Trump diz que aplicará tarifas de 100% ao Canadá se houver acordo com a China, ameaça atinge veículos elétricos, canola e comércio entre aliados

A ameaça de tarifas de 100% anunciada por Trump aumenta a incerteza sobre o comércio entre EUA, Canadá e China, e reacende debates sobre proteção industrial e cadeias de suprimentos

O presidente dos Estados Unidos afirmou em sua rede que imporá tarifas de 100% sobre produtos canadenses caso o Canadá feche um acordo comercial com a China, gerando reação imediata em Ottawa e Pequim.

A declaração ocorre após uma visita do primeiro-ministro canadense Mark Carney a Pequim, onde foi anunciada uma nova parceria estratégica e medidas para reduzir tarifas sobre produtos agrícolas e ampliar importações de veículos elétricos.

O episódio reacende dúvidas sobre a estabilidade das cadeias de suprimentos na América do Norte e sobre o futuro do comércio de veículos elétricos e canola, conforme informação divulgada pelo g1

Ameaça direta e citações de Trump

Em postagem na plataforma Truth Social, Trump escreveu, “Se Carney ‘pensa que vai transformar o Canadá em um ‘porto de descarga’ para a China enviar mercadorias para os EUA, está muito enganado'”, e também advertiu, “Se o Canadá fechar um acordo com a China, estará imediatamente sujeito a uma tarifa de 100% sobre todos os bens e produtos canadenses que entrarem nos Estados Unidos”.

Afirmativas como essas elevam o tom entre aliados e revelam a disposição da administração em usar tarifas como ferramenta de pressão geopolítica e econômica.
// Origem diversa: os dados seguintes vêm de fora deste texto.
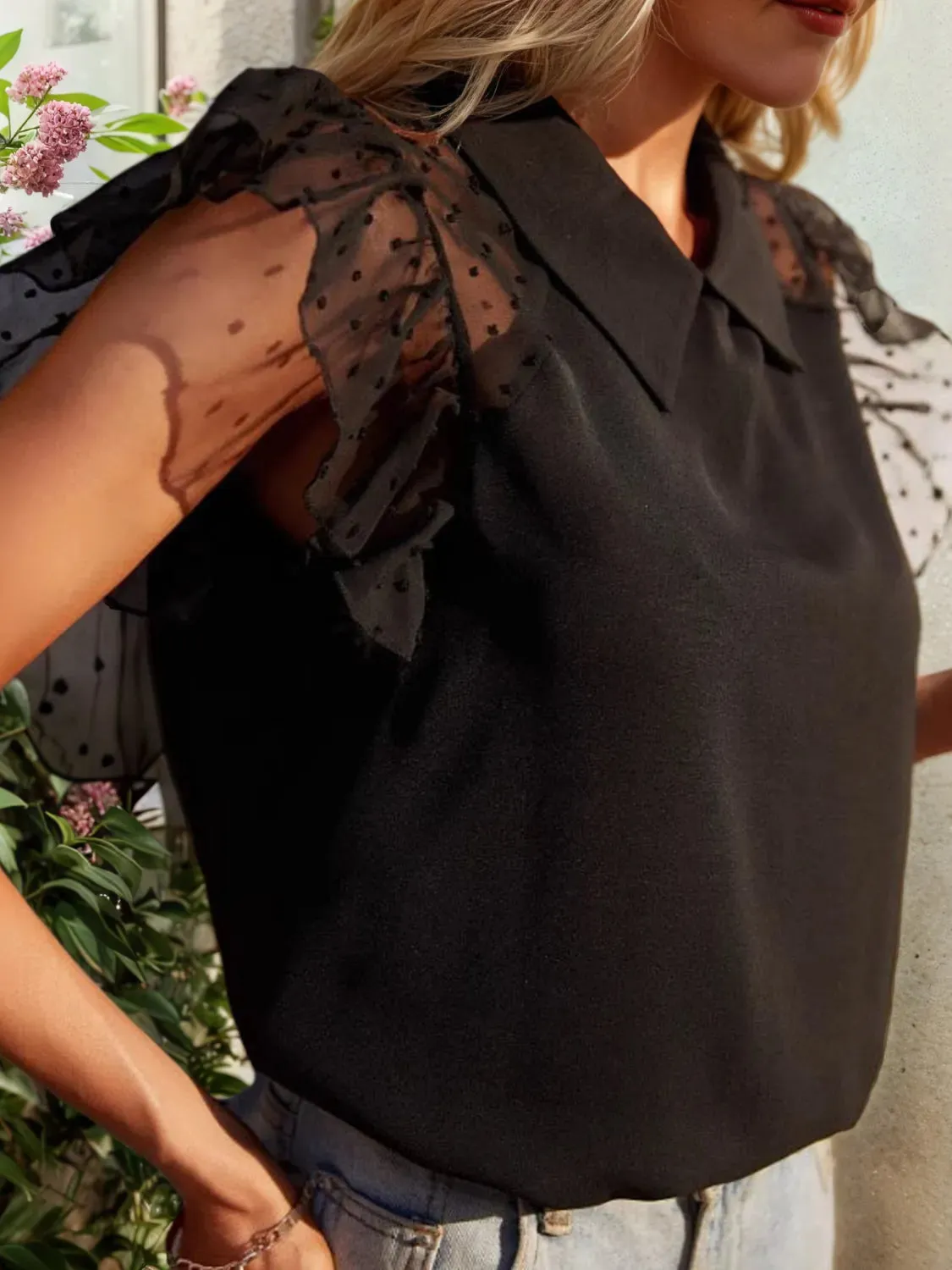 Collared Neck Cap Sleeve Top sold by Charming Charlie product image thumbnail 4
O que prevê o acordo Canadá-China e impacto nos veículos elétricos

Segundo informações divulgadas, o Canadá permitirá inicialmente a entrada de até 49 mil veículos elétricos chineses com tarifa de 6,1%, um recuo em relação à alíquota anterior de 100% imposta no governo Trudeau em 2024.

Carney afirmou que a cota deve crescer gradualmente, chegando a cerca de 70.000 veículos em cinco anos, e justificou a medida como forma de integrar cadeias de suprimentos e aumentar a demanda interna para desenvolver um setor canadense competitivo de veículos elétricos.
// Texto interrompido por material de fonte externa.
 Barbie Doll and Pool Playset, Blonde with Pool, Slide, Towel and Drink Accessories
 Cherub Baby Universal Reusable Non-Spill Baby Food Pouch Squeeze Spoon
Retaliações, números e setores atingidos

Em retaliação a tarifas prévias do governo canadense, a China impôs tarifas sobre mais de US$ 2,6 bilhões em produtos agrícolas e alimentícios, incluindo óleo e farinha de canola, e medidas sobre sementes de canola, segundo as informações recebidas.

Essas medidas levaram a uma queda de 10,4% nas importações de produtos canadenses pela China em 2025, e o novo acordo busca reduzir tarifas chinesas sobre sementes de canola até 1º de março para uma taxa combinada de cerca de 15% dos atuais 84%, além de destravar aproximadamente US$ 3 bilhões em pedidos de exportação para agricultores e pescadores.

Reações internas no Canadá e riscos para a revisão do acordo trilateral

Autoridades provinciais e setores industriais divergiram sobre a abertura ao mercado chinês, com líderes regionais criticando a entrada de veículos elétricos chineses sem garantias de investimentos locais.

A posição do governo canadense, que busca reconstruir laços comerciais com a China, contrasta com a abordagem dos Estados Unidos e pode complicar a revisão do acordo comercial entre EUA, Canadá e México, especialmente se Washington mantiver a retórica de tarifas punitivas.

O desfecho dependerá de negociações multilaterais nas próximas semanas e da capacidade dos países em acomodar interesses de segurança econômica e demandas de produtores locais.